I want a wah pedal, but instead of a treadle, I want it to start in heel-down mode, then hit a momentary switch to have it rock smoothly to toe-down, and back to heel-down.  Once it returns to heel-down, I want it to stay there.  I also want a time control, so that it can do this rapidly, or slowly.  (The slowest speed should be about 8 beats at 90 bpm, so a bit over 5 seconds.)

So, I want to automate a pot so that it starts at 0, then can be triggered to sweep to 100k, then return to 0 and stop.

My first thought is to try a 256-step digipot connected to a 7555 clock chip, basically adapting this project: http://makezine.com/projects/make-43/digital-potentiometers/

A couple questions--

1. What's the current through the wah pot in a typical design?
2. I'm having trouble reading digipot data sheets.  I know some default to 0/full (depending how you wire it), and others to the midpoint.  How do I tell the difference?

[R.G.]

1. What's the current through the wah pot in a typical design?
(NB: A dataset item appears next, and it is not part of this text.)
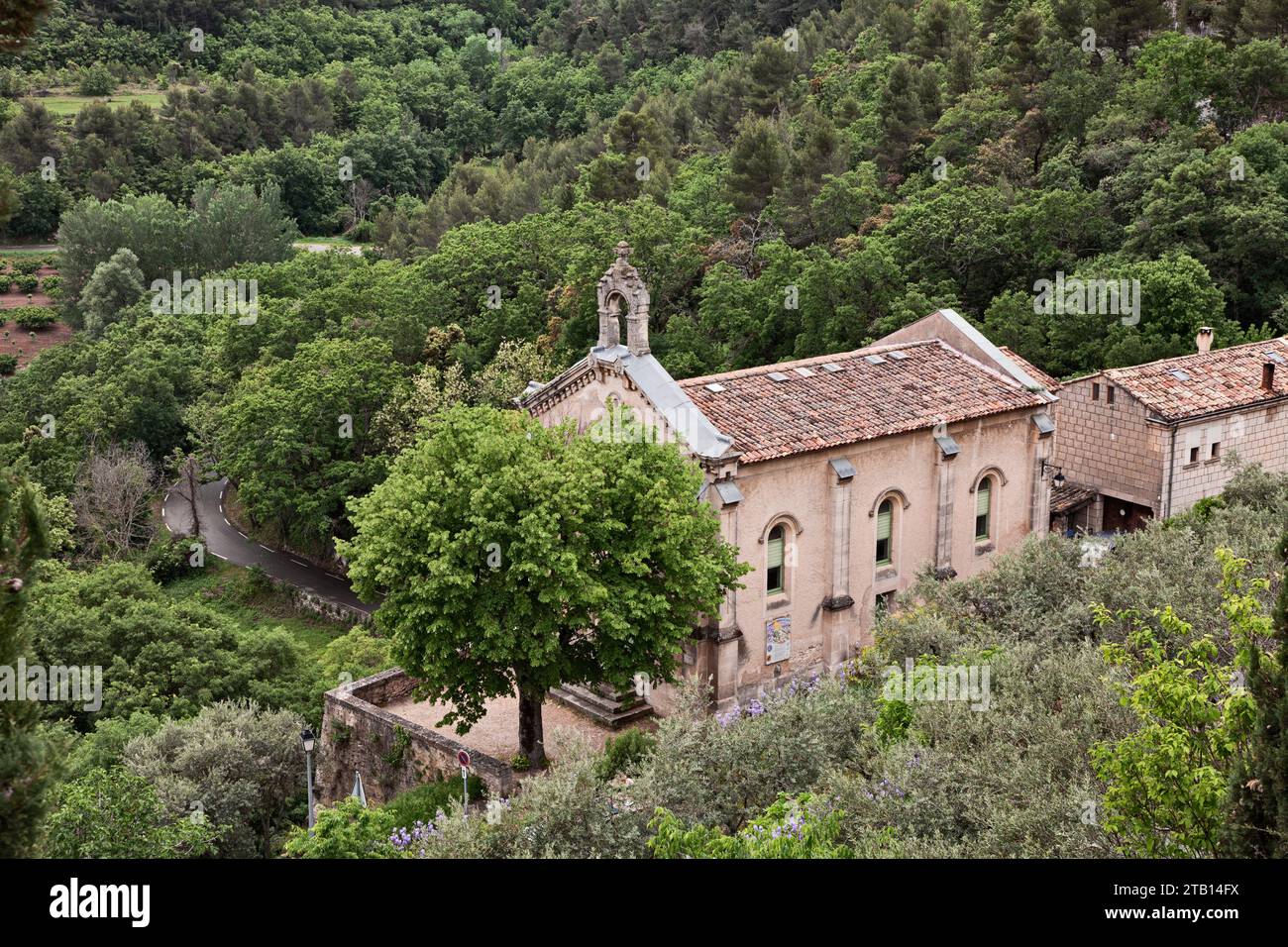 Lacoste, Vaucluse, Provence-Alpes-Costa Azzurra, Francia: Paesaggio dei boschi del parco naturale regionale del Luberon con la chiesa protestante Foto Stock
Tiny. That's not going to be a problem for you. It can't be any bigger than the full power supply divided by the pot, or 9v/100K = 90uA, and in fact it can't be that big because the signal is never a steady 9V. So it's much less than that, down in the units of uA.
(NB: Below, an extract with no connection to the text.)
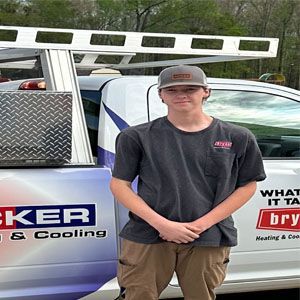 A young man is standing in front of a truck.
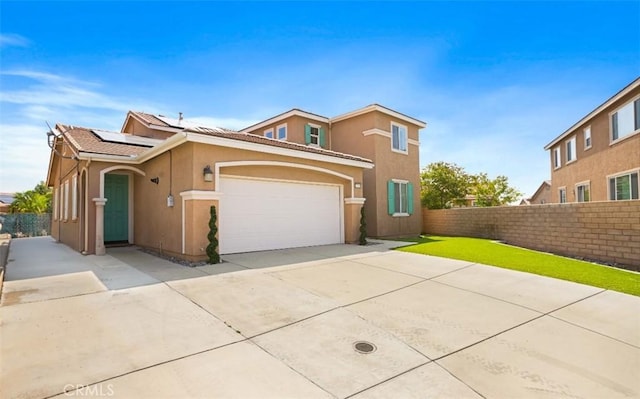 17995 Lacebark Ct, San Bernardino, CA 92407 - view of front of house with roof mounted solar panels, concrete driveway, stucco siding, and a tiled roof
2. I'm having trouble reading digipot data sheets.  I know some default to 0/full (depending how you wire it), and others to the midpoint.  How do I tell the difference?
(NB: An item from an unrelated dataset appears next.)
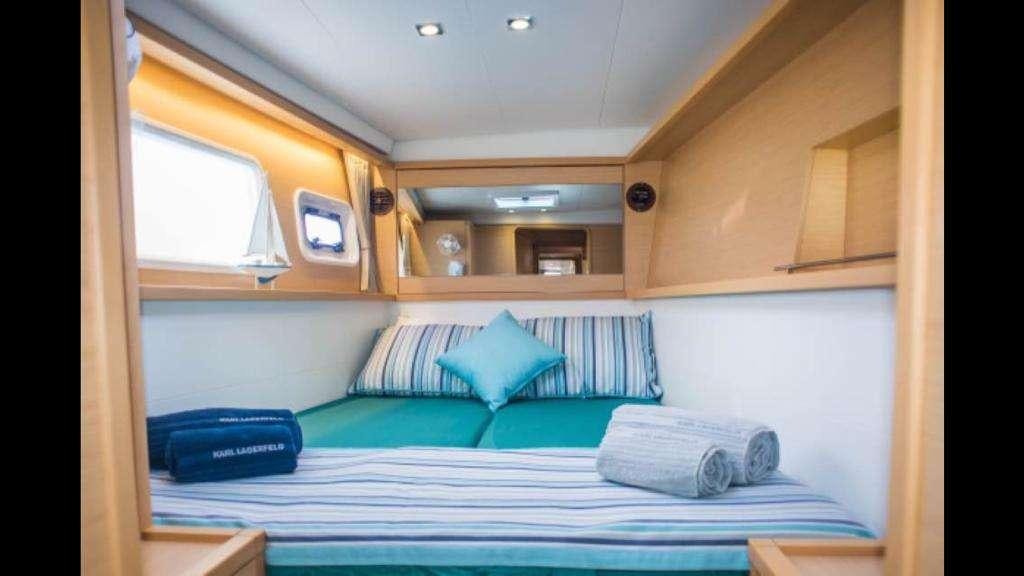 a room with a bed and a window aboard NEW HORIZONS Yacht for Charter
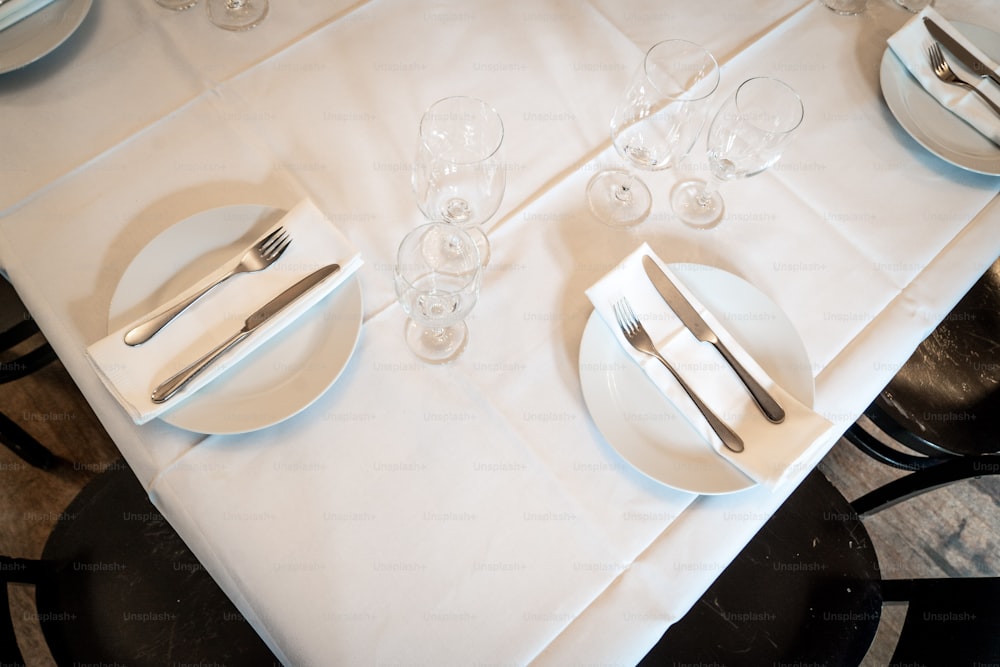uma mesa com uma toalha de mesa branca e talheres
Sadly, the only way to tell is to read the data sheets, or to get someone to interpret them for you.

There are some issues you're going to run into that will give you more trouble though. Taken all together, these issues strongly suggest that you use a small microcontroller to do the controlling, not a batch of analog stuff. I know that may be a big hurdle to get over, but it replaces a lot of hardwired bits and pieces with one $0.75 part, and gives you complete control of what the pot does.

Here are some of the issues.
- wah pots do not sweep their full range; the gear mechanism does not spin the pot from fully counterclockwise to clockwise and vice versa. So your setup would have to either have a bigger wah travel than most actual wah pedals, or have some tinkering to limit the travel. Not impossible, and probably can be handled with additional resistors at the ends of the digipot, but something that will need addressed. If you don't want the extra sweep range more than a regular wah, you'd need to pre-count it up to a certain minimum, count up only to a certain maximum while sweeping, and the re-count it down to the minimum again. There are ways to do this, but the circuit complexity grows.
- digital pots can only handle signals smaller than their power supply, sometimes quite a bit smaller than their power supply. The signal in a wah pedal gets bigger at resonance - that's what resonance is - and how big depends on what's feeding the wah circuit, the power supply on the wah pedal, and the value of the resonance resistor. Again, not impossible, but something to be addressed. Signal handling size is one of those things the digital pot data sheet would address.

It is possible that using an LDR-resistor circuit instead of the wah pot and doing an analog voltage sweep up/down to light the LDR would get you most of what you want. But that circuit gets complex too.

[suncrush]

If I figured out how to do it with an Arduino, would that be transferable to a small, permanent microcontroller?

[suncrush]

Ooh, I'm brainstorming a vactrol-based design.

[R.G.]

If I figured out how to do it with an Arduino, would that be transferable to a small, permanent microcontroller?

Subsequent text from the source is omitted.